** TASK GOAL **
For this item, repeat the material exactly while omitting its pictures.

** GIVEN MATERIAL **
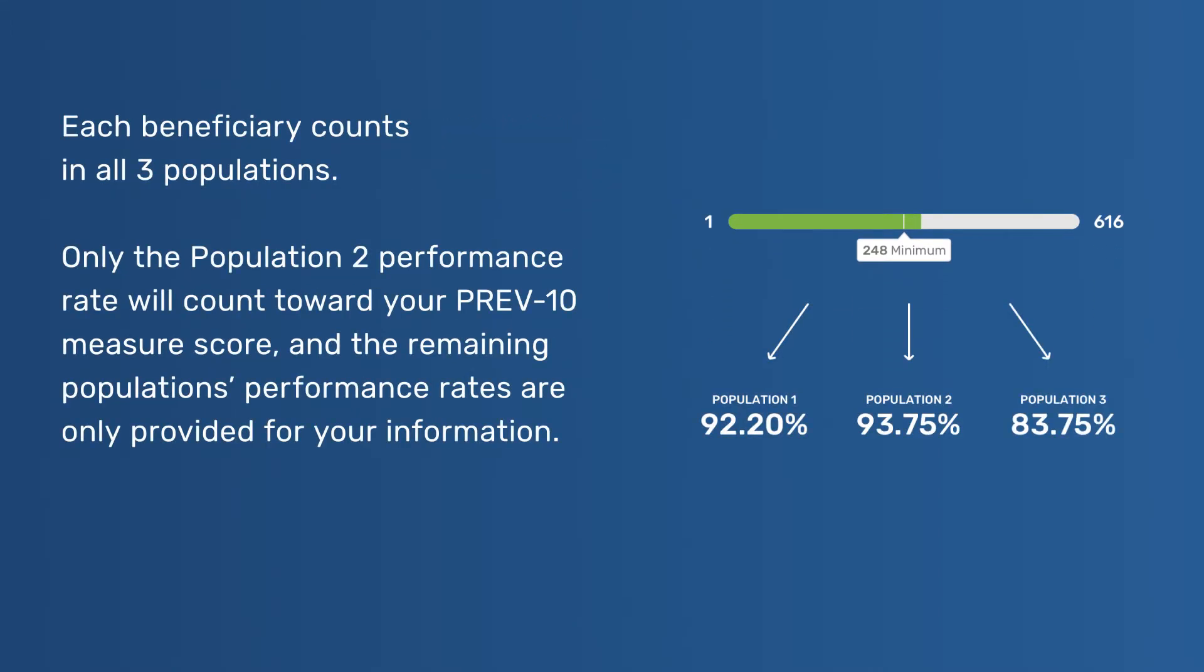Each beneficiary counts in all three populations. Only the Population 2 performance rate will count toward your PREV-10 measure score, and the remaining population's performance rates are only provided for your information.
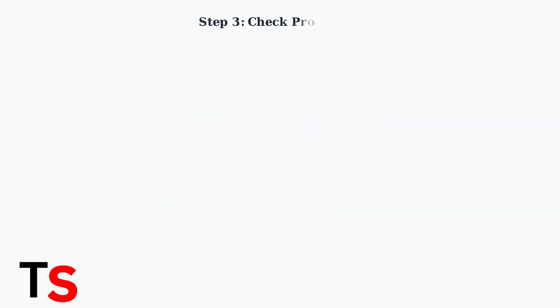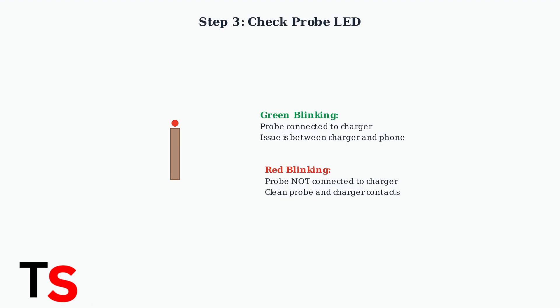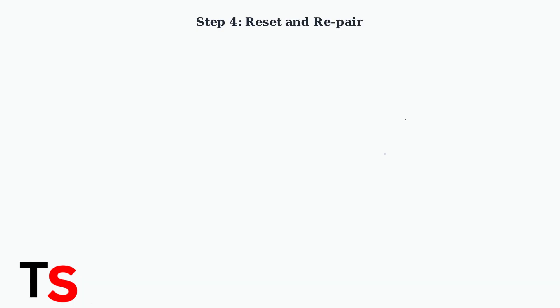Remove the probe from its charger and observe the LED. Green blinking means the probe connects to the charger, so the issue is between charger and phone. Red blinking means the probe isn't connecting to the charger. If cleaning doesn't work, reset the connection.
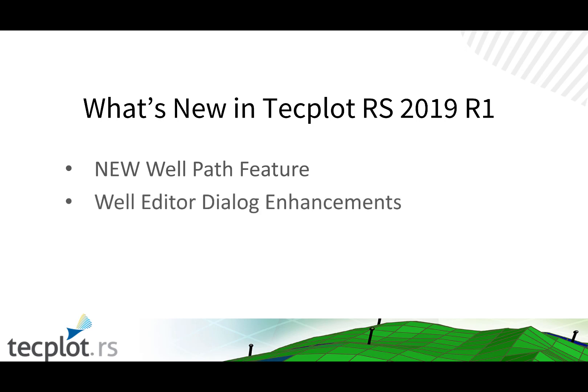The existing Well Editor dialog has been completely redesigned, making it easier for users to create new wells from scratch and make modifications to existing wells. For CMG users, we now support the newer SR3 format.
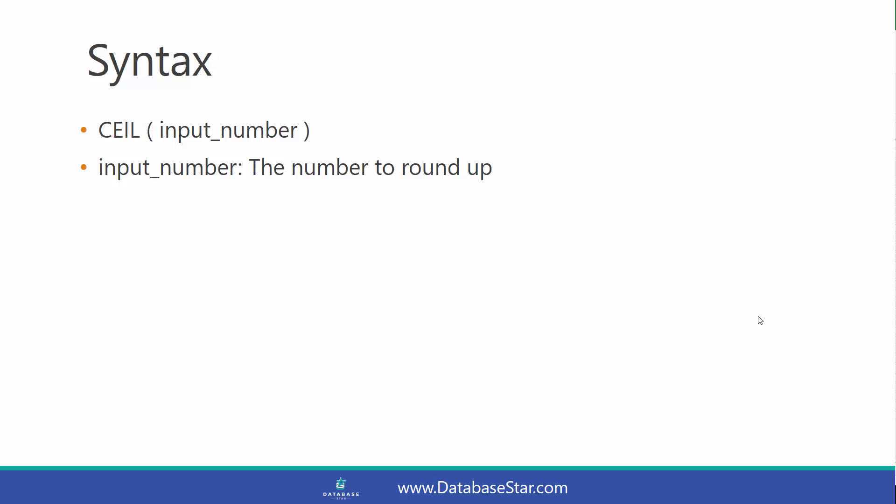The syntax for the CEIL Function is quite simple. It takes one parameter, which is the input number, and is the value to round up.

** RESPONSE AREA **
Each beneficiary counts in all three populations. Only the Population 2 performance rate will count toward your PREV-10 measure score, and the remaining population's performance rates are only provided for your information.
Remove the probe from its charger and observe the LED. Green blinking means the probe connects to the charger, so the issue is between charger and phone. Red blinking means the probe isn't connecting to the charger. If cleaning doesn't work, reset the connection.
The existing Well Editor dialog has been completely redesigned, making it easier for users to create new wells from scratch and make modifications to existing wells. For CMG users, we now support the newer SR3 format.
The syntax for the CEIL Function is quite simple. It takes one parameter, which is the input number, and is the value to round up.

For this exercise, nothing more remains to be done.